▼

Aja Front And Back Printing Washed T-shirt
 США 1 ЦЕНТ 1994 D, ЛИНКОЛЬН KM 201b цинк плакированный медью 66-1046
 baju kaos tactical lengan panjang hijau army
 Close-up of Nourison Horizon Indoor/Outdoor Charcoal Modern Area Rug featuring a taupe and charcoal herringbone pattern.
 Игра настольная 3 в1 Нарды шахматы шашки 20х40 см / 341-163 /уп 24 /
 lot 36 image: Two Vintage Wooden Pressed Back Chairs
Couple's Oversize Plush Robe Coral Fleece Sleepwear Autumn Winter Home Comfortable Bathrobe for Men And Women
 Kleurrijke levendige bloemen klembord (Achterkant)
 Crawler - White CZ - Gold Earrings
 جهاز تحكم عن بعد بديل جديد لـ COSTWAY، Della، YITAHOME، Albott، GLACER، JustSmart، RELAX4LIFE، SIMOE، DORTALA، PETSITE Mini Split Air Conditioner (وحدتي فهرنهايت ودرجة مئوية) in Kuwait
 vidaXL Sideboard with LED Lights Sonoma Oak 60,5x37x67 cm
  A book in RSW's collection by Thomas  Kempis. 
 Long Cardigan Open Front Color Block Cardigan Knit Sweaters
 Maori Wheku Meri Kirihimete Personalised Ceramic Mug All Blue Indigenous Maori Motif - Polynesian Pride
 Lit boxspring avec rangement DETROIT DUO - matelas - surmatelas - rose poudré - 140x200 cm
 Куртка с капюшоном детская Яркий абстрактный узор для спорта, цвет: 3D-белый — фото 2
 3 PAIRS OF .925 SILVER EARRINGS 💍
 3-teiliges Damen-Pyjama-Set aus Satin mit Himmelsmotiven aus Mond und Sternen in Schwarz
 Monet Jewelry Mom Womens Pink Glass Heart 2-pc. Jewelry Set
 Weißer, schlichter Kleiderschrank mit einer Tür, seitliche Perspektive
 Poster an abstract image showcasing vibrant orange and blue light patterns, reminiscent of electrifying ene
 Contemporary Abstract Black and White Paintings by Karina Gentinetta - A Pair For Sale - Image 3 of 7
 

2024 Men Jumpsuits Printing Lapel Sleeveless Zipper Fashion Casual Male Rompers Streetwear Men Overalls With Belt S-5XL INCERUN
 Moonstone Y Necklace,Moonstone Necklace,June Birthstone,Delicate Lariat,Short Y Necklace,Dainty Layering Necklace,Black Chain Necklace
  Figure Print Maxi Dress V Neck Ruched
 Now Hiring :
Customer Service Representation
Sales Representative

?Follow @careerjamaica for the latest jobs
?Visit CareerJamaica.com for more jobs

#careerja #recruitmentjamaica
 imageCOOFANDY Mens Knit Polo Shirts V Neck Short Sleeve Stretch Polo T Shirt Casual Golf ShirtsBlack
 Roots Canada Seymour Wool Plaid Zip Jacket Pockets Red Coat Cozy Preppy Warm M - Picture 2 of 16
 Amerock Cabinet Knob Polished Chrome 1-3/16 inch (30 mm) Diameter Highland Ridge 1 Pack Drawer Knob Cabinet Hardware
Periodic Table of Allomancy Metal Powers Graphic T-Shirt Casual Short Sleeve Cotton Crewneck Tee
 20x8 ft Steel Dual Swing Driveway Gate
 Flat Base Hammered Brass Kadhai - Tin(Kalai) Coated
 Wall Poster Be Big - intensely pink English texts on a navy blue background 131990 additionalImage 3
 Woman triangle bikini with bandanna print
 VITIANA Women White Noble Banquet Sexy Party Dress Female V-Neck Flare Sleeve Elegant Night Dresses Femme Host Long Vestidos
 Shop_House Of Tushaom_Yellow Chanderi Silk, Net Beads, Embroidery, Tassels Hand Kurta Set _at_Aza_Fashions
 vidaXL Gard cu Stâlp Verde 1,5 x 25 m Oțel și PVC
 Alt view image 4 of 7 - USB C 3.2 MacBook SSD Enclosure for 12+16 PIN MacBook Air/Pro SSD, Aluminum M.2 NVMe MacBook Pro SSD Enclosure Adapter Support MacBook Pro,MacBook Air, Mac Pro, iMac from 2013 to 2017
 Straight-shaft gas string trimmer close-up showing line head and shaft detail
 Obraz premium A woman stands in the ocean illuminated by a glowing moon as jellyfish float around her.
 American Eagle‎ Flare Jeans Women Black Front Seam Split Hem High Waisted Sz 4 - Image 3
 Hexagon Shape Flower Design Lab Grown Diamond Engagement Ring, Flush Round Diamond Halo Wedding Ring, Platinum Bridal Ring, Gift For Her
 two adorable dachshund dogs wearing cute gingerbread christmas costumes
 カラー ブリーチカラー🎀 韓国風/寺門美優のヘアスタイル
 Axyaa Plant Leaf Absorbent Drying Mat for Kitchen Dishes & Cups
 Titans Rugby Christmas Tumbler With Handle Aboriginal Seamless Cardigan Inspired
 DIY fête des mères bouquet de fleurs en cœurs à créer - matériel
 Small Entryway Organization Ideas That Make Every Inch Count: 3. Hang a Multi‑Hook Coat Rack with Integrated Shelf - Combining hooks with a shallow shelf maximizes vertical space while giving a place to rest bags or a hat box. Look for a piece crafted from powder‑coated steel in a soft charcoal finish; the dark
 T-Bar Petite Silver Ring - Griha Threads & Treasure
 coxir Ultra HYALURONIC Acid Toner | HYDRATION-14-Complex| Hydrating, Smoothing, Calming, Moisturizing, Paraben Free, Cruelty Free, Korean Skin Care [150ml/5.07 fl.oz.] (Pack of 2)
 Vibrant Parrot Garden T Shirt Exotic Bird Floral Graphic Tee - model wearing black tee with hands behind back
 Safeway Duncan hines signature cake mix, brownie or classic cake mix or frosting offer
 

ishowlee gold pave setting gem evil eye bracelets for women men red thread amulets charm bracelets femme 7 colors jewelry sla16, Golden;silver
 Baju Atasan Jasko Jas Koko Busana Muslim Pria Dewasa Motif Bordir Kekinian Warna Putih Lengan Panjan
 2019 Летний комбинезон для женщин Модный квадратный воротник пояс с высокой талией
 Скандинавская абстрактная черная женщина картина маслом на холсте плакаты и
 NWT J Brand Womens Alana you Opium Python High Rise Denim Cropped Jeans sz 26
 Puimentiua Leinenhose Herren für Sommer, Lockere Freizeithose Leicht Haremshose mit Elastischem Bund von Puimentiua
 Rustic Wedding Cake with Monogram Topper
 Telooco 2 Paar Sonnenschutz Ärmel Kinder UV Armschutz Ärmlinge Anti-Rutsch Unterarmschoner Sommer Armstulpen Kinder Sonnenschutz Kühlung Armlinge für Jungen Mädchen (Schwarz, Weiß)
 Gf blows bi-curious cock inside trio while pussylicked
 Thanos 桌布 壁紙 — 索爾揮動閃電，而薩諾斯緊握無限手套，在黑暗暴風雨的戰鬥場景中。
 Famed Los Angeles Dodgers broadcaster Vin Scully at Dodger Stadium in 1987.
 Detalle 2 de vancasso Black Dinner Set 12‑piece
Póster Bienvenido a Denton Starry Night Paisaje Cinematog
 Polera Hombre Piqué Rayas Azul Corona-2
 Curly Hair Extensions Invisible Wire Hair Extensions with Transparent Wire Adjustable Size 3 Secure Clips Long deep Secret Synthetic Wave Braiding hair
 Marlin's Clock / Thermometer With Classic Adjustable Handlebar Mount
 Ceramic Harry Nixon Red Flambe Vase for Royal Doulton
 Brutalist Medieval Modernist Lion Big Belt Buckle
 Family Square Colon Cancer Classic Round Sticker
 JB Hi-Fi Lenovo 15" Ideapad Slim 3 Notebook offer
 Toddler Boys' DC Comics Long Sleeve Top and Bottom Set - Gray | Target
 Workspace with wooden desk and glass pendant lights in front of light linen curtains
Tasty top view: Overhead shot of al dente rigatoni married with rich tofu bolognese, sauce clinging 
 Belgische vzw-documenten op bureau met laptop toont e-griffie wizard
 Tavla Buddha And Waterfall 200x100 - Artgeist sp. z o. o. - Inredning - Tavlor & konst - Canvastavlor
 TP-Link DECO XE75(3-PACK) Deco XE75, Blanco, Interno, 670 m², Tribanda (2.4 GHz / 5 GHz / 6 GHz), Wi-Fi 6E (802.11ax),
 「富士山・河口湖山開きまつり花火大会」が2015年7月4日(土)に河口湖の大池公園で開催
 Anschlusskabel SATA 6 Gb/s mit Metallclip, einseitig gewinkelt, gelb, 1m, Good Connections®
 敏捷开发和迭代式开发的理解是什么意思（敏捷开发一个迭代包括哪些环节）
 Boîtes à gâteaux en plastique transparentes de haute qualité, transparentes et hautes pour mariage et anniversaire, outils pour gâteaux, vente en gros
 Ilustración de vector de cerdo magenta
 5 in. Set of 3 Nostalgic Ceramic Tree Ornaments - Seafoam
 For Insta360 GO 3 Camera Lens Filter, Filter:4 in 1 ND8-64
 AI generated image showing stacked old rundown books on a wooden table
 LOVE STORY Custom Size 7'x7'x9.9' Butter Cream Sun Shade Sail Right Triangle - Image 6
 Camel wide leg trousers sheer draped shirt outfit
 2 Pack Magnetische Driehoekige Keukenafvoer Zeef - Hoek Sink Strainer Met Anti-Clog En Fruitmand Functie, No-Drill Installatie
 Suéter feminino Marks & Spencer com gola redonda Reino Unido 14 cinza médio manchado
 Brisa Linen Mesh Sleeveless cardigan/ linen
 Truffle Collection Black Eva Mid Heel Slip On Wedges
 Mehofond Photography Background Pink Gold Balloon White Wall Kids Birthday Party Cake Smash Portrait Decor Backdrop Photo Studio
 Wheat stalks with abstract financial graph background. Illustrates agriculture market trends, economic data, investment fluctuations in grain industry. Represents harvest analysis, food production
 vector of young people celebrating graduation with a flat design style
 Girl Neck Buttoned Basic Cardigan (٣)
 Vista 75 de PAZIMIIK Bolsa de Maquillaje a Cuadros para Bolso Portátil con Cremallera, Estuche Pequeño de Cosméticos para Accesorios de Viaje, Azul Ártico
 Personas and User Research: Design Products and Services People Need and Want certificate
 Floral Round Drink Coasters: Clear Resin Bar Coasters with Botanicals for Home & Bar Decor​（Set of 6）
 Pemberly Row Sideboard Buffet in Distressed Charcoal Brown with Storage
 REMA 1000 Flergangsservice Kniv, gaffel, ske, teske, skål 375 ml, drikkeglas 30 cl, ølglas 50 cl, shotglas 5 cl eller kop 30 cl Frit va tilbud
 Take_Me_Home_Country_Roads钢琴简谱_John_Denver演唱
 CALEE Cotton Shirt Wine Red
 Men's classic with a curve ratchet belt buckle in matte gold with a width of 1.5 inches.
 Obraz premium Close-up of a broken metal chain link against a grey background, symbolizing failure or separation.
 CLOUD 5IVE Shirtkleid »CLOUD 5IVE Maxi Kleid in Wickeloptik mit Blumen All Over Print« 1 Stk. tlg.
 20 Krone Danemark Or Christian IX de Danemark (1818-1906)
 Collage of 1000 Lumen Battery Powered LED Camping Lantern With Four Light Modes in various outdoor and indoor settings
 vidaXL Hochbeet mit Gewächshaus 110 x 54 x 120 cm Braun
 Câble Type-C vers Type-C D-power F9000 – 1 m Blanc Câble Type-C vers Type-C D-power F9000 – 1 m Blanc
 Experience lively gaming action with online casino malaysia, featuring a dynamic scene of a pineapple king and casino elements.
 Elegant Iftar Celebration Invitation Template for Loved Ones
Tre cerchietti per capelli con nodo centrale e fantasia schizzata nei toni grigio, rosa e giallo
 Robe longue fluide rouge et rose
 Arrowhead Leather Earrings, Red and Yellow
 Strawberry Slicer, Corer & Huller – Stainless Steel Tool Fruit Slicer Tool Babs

▲

§ **What needs to be done**:
Wherever the string "Womens" shows up in the material, copy the line that holds it.

§ **Exercise answer**:
 Monet Jewelry Mom Womens Pink Glass Heart 2-pc. Jewelry Set
 NWT J Brand Womens Alana you Opium Python High Rise Denim Cropped Jeans sz 26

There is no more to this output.